## What to produce
Drop the pictures; give again exactly the lines from the one holding "Actual product image" through the end of the data.

## Recorded information
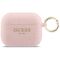 Guess Silicone Glitter Ring Case for AirPods Pro 3 - Pink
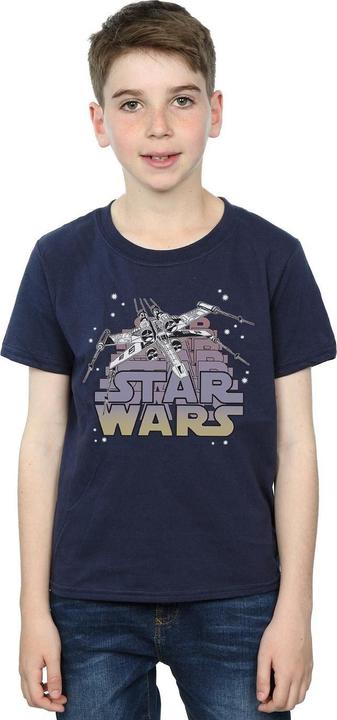 Actual product image Star Wars Boys X-Wing Starfighter T-Shirt (152, 158)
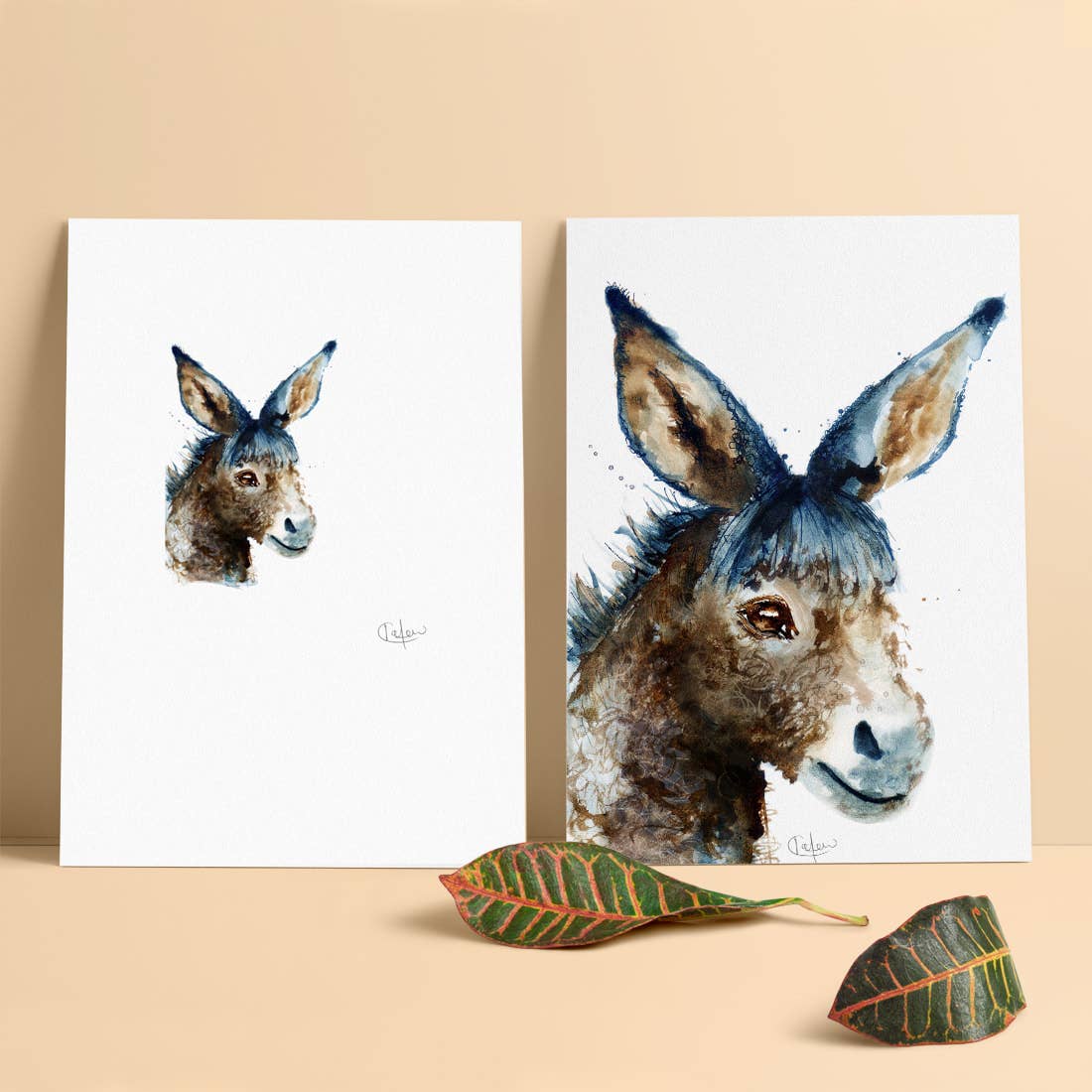 Kate Moby - Wholesale Art Print - Inky Donkey Luxury Giclee Unframed Print1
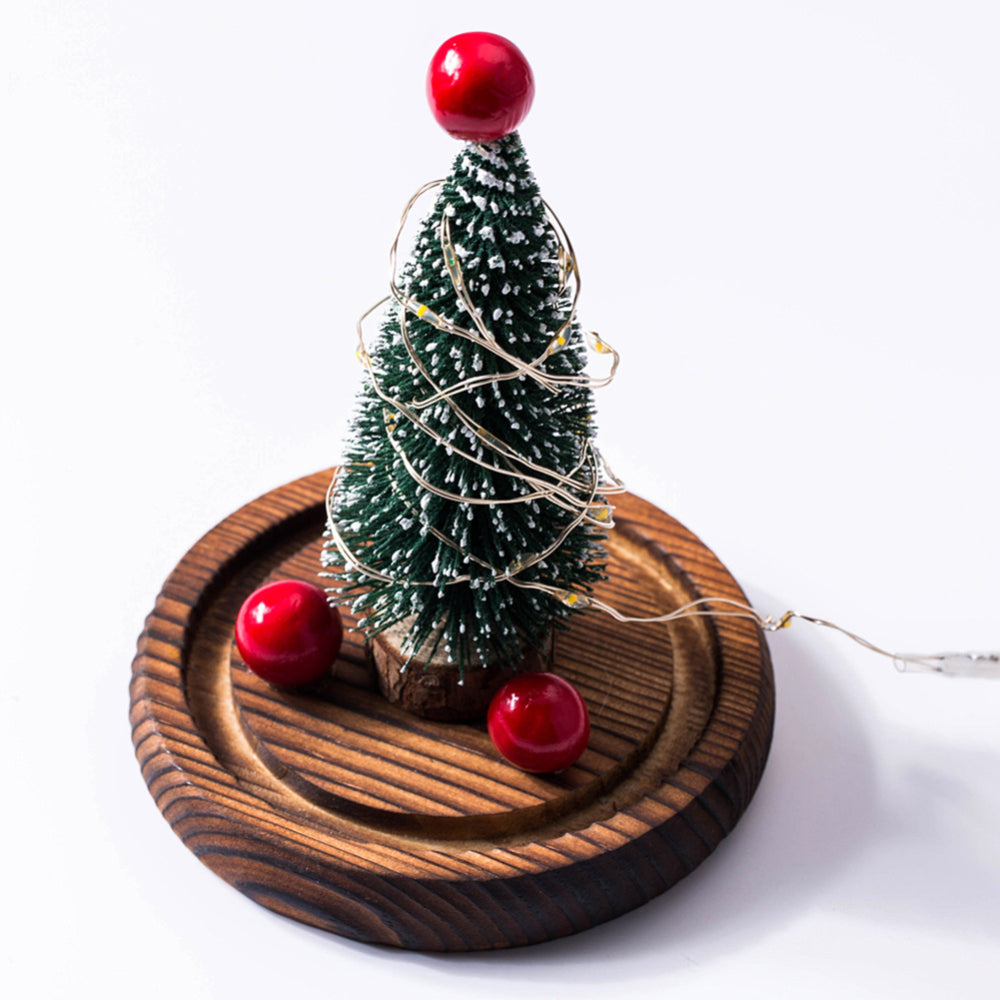 USB LED Beauty Rose and Beast Christmas Tree String Light Desk Lamp Romantic Christmas Birthday Gift Decoration Battery Powered - Xvogue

## Response box
 Actual product image Star Wars Boys X-Wing Starfighter T-Shirt (152, 158)
 Kate Moby - Wholesale Art Print - Inky Donkey Luxury Giclee Unframed Print1
 USB LED Beauty Rose and Beast Christmas Tree String Light Desk Lamp Romantic Christmas Birthday Gift Decoration Battery Powered - Xvogue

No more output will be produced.